### What to produce
Given the material below, return only the lines starting at the line with "Detail of cuffed hem on beige cotton joggers" and ending at the line with "Free A confident", exactly as they appear.

### Data to examine
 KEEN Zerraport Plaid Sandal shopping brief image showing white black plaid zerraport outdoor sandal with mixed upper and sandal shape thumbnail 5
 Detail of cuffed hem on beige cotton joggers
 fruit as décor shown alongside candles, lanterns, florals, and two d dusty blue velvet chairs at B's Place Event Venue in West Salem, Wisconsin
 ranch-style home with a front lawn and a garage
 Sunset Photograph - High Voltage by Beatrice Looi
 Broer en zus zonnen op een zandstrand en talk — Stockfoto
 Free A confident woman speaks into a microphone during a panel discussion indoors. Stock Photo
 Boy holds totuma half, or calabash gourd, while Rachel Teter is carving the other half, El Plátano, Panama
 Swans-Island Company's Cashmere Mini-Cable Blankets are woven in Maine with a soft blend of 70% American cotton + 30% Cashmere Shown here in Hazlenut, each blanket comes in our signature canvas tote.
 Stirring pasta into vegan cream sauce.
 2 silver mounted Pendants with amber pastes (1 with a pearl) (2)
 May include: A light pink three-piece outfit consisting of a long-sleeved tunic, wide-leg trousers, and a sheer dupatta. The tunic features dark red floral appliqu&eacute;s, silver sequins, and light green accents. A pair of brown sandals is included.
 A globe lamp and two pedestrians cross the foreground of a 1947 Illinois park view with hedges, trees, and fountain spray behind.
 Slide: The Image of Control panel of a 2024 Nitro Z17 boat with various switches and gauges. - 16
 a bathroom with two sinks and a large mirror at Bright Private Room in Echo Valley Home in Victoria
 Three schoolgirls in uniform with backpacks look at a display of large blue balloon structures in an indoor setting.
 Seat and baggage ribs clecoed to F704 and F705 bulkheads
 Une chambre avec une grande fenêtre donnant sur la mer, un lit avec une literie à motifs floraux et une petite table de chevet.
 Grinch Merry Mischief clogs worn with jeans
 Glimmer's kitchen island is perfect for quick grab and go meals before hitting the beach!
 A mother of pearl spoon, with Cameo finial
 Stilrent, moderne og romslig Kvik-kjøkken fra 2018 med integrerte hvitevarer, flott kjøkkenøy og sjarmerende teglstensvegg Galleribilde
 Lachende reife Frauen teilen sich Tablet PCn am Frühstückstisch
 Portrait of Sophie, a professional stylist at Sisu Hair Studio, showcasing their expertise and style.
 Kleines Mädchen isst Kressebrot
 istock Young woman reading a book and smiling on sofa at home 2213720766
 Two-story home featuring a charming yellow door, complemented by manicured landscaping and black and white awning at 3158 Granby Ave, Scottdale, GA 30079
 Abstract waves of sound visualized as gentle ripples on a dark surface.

### Exercise result
 Detail of cuffed hem on beige cotton joggers
 fruit as décor shown alongside candles, lanterns, florals, and two d dusty blue velvet chairs at B's Place Event Venue in West Salem, Wisconsin
 ranch-style home with a front lawn and a garage
 Sunset Photograph - High Voltage by Beatrice Looi
 Broer en zus zonnen op een zandstrand en talk — Stockfoto
 Free A confident woman speaks into a microphone during a panel discussion indoors. Stock Photo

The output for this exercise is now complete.